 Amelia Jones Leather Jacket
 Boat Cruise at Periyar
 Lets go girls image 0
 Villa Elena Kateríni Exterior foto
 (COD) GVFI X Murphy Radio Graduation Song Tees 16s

◆ ◆ ◆ ◆ ◆

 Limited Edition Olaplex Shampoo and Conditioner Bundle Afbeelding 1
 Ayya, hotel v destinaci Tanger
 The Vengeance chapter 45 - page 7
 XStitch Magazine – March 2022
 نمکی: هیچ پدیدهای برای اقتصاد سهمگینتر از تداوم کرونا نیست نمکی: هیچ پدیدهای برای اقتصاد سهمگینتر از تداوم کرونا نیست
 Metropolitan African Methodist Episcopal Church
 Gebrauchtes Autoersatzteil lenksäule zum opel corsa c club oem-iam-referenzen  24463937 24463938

◆ ◆ ◆ ◆ ◆

Directions:
All that is wanted is a faithful reproduction of the line above with "Villa Elena Kateríni Exterior foto", the line with "(COD) GVFI X", and every line in between.

Result of the exercise:
 Villa Elena Kateríni Exterior foto
 (COD) GVFI X Murphy Radio Graduation Song Tees 16s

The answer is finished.